▸ Assignment
Search the records for the string "Toys" and copy every line in which it appears.

▸ Recorded data

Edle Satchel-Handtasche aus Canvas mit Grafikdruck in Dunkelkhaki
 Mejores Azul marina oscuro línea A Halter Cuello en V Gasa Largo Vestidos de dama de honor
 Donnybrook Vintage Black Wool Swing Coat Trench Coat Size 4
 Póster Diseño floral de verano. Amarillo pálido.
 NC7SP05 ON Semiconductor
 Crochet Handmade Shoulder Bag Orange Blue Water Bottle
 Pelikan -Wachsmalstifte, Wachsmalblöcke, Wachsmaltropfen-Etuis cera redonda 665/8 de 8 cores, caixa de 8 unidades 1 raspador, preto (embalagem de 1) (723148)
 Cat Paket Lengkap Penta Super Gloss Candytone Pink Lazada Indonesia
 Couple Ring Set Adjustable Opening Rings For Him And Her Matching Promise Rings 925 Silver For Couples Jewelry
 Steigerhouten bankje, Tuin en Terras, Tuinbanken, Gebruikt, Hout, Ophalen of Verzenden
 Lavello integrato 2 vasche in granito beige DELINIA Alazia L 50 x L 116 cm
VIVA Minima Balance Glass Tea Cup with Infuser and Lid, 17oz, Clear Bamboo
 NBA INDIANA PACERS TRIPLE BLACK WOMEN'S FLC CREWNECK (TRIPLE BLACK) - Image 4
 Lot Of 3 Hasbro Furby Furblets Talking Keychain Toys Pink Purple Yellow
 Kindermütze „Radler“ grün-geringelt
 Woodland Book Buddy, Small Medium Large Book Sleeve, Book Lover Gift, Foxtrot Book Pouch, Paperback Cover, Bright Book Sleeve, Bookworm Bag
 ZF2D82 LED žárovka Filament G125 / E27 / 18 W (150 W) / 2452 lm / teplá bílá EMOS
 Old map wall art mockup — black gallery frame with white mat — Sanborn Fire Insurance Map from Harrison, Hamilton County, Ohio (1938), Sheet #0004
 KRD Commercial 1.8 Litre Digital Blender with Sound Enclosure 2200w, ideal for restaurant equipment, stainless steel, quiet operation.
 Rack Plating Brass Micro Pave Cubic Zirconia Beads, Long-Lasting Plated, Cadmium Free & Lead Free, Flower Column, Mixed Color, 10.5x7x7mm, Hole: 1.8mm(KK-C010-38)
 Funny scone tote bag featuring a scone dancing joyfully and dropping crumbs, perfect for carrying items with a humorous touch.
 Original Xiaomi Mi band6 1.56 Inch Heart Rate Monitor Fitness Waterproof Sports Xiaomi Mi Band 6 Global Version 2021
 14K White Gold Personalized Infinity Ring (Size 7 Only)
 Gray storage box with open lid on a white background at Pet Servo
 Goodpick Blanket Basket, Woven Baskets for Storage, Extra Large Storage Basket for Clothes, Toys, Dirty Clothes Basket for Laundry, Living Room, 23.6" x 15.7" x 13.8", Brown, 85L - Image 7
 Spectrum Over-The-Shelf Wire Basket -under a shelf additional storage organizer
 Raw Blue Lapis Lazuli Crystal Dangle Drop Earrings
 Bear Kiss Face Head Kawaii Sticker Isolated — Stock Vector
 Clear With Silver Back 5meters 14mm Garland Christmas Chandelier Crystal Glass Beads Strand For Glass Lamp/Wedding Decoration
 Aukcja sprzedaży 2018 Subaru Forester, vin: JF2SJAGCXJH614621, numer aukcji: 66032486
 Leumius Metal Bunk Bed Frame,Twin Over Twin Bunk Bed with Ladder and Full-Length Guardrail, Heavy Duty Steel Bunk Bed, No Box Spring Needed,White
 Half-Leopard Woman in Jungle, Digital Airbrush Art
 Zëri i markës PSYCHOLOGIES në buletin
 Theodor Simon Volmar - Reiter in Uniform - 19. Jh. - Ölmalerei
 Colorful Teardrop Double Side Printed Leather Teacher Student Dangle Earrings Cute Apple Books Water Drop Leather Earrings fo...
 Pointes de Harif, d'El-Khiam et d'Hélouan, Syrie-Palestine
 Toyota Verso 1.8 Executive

▸ Answer to the problem
 Lot Of 3 Hasbro Furby Furblets Talking Keychain Toys Pink Purple Yellow
 Goodpick Blanket Basket, Woven Baskets for Storage, Extra Large Storage Basket for Clothes, Toys, Dirty Clothes Basket for Laundry, Living Room, 23.6" x 15.7" x 13.8", Brown, 85L - Image 7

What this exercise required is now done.